The best mode of the invention will be described below by way of
reporting on experimental tests.
The tests have demonstrated that:
a well mixed, high density, low temperature slurry of average
quality oil sand,
will condition adequately in a pipeline so as to yield viable
primary recovery of bitumen in the form of froth of viable quality,
particularly if the steps of air addition, excess air venting,
slurry dilution and slurry loading are incorporated, without the
addition of flotation aid chemicals, and
the froth can be heated to at least 35.degree. C. by use of a hot
water underwash in the PSV, thereby assisting in removing the froth
from the PSV and satisfying downstream froth temperature needs.
In another aspect of the invention, we have shown that the process
as previously described can successfully be applied to low grade
oil sand, provided that:
flotation aid chemicals are added to the slurry in the pipeline;
and
secondary recovery of bitumen by way of flotation with agitation
and submerged aeration is practiced.
We have further found that use of the OSLO flotation aid mixture of
a collector (such as kerosene) and a frother (such as MIBC), works
satisfactorily with the low temperature, dense slurry and air
addition to create a slurry which, when subjected to pipeline
conditioning, primary quiescent flotation and secondary agitated
and sub-aerated flotation, yields enough bitumen recovery to
satisfy the curve of FIG. 1.
Broadly stated, the invention is a method for recovering bitumen
from oil sand, comprising: dry mining oil sand from a deposit at a
mine site; mixing the oil sand near the mine site with water to
produce a high density, low temperature slurry containing bitumen,
sand, water and entrained air, the slurry having a density in the
range of about 1.4 to 1.65 g/cc and a temperature in the range of
about 20 to 35.degree. C.; pumping the slurry through a pipeline to
a primary separation vessel; introducing the slurry from the
pipeline into the vessel and temporarily retaining it therein so
that separate layers of bitumen froth, middlings and sand tailings
are formed; and separately removing bitumen froth, middlings and
sand tailings from the vessel.
DESCRIPTION OF THE DRAWINGS
FIG. 1 is a curve in the form of a band, showing viable bitumen
recoveries for various grades of oil sand;
FIG. 2 is a block diagram setting forth the process in accordance
with the invention, for use on average or higher grade oil sand
feedstock;
FIG. 3 is a schematic process flow diagram of a 100 tonne/hour
field pilot circuit (hereinafter "100 tph circuit") used to
demonstrate the average grade version of the process;
FIG. 4 is a side elevation of the cyclofeeder used in the 100 tph
circuit;
FIG. 5 is a perspective view of the cyclofeeder of FIG. 4;
FIG. 6 is a top plan view of the cyclofeeder of FIG. 4;
FIG. 7 is a side elevation of the primary separator vessel ("PSV")

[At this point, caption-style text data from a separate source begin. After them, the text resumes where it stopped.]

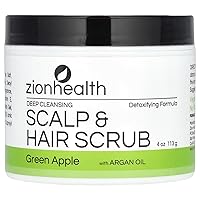 Zion Health Deep Cleansing Scalp & Hair Scrub with Argan Oil, Green Apple, 4 oz (113 g) Zion Health Deep Cleansing Scalp & Hair Scrub with Argan Oil, Green Apple, 4 oz (113 g)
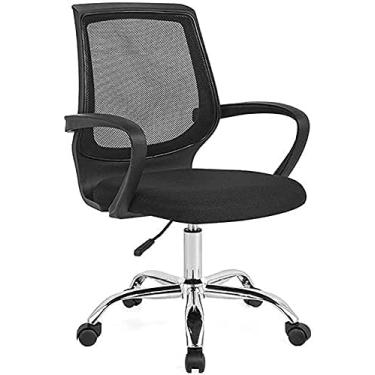 Imagem de Cadeira de escritório de computador cadeira de trabalho giratória cadeira de escritório 90°-135° cadeira de tarefa ajustável rebote e almofada respirável cadeira ergonômica de computador apoio de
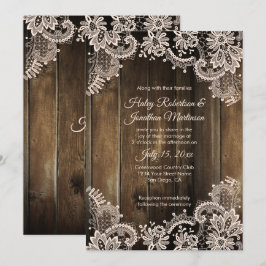 Invitación Rústico Boda de Encaje Antiguo y Madera de Barn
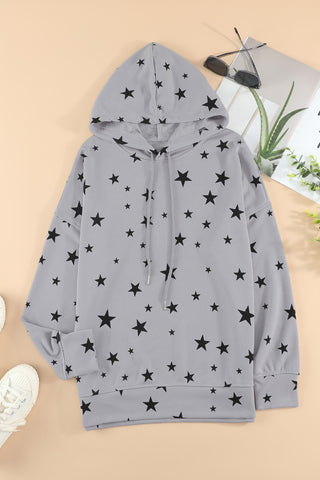 Star Print Drawstring Detail Hoodie - Star Print Drawstring Detail Hoodie - Hoodies For All Kind -  - All Female Kind - Trendsi - Hoodies For All Kind - 100101003989621 - 100101003989621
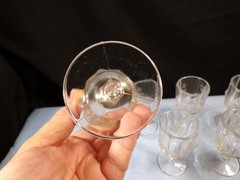 Set of 7 Westmoreland Clear Glass Paneled Grape Cordials Small Wine Goblets
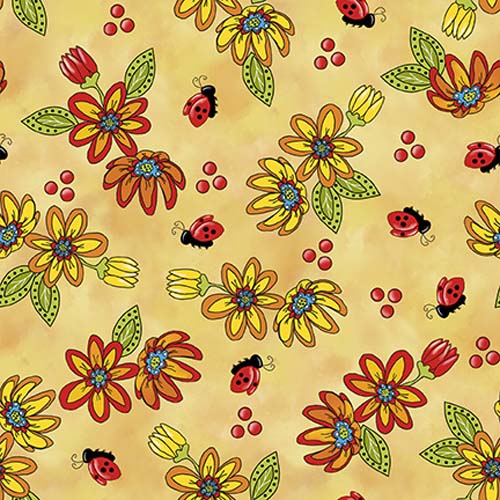 Whimsical Quilter - Floral - Butterscotch - tossed flowers & ladybugs on yello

used in the 100 tph circuit;
FIG. 8 is a top plan view of the primary separator of FIG. 7;
FIG. 9 is a side elevation of a second smaller separator ("SSV")
used in the 100 tph circuit to test secondary recovery slurry
loading;
FIG. 9a is a top plan view of the SSV of FIG. 9;
FIG. 10 is a schematic process flow diagram showing the PSV and SSV
and the piping connected thereto;
FIG. 11 is a schematic process flow diagram showing the pipeline
assembly used in the 100 tph circuit;
FIG. 12 is a block diagram setting forth the process in accordance
with the invention, when practiced on low grade oil sand;
FIG. 13 is a schematic process flow diagram of the 2 tonne/hour
pilot circuit (hereinafter "2 tph circuit") used to demonstrate the
low grade version of the process;
FIG. 14a is a side elevation of the cyclofeeder used in the 2 tph
circuit;
FIG. 14b is a top plan view of the cyclofeeder of FIG. 14a;
FIG. 14c is an end side view of the cyclofeeder of FIG. 14a;
FIG. 15 is a side elevation of the PSV used in the 2 tph
circuit;
FIG. 16 is a partial side elevation of the secondary recovery
vessel, referred to as the TOR (tailings oil recovery), used in the
2 tph circuit.
DESCRIPTION OF THE PREFERRED EMBODIMENT
EXAMPLE I
Pilot Demonstration
This example describes a run in a 100 tonne per hour of oil sand
field pilot circuit at optimum conditions, demonstrating the
viability of the best mode of the process when applied to average
grade oil sand.
Summary
The feedstock was average grade oil sand containing 11.1 wt. %
bitumen and 6% fine solids<44 .mu.m. The process involved mixing
of the oil sand and water in a cyclofeeder to produce a slurry
having a density of about 1.55 g/cc. The temperature of the slurry
was 26-27.degree. C. The slurry was conditioned by pumping it
through a 102 mm diameter pipeline having a length of 1.1
kilometers and retention time of about 4 minutes. Air was added to
the slurry in the pipeline just before the PSV to provide an air to
slurry volume ratio of about 1.5. The slurry was diluted with flood
water prior to entering the PSV to modify the density to 1.4 g/cc.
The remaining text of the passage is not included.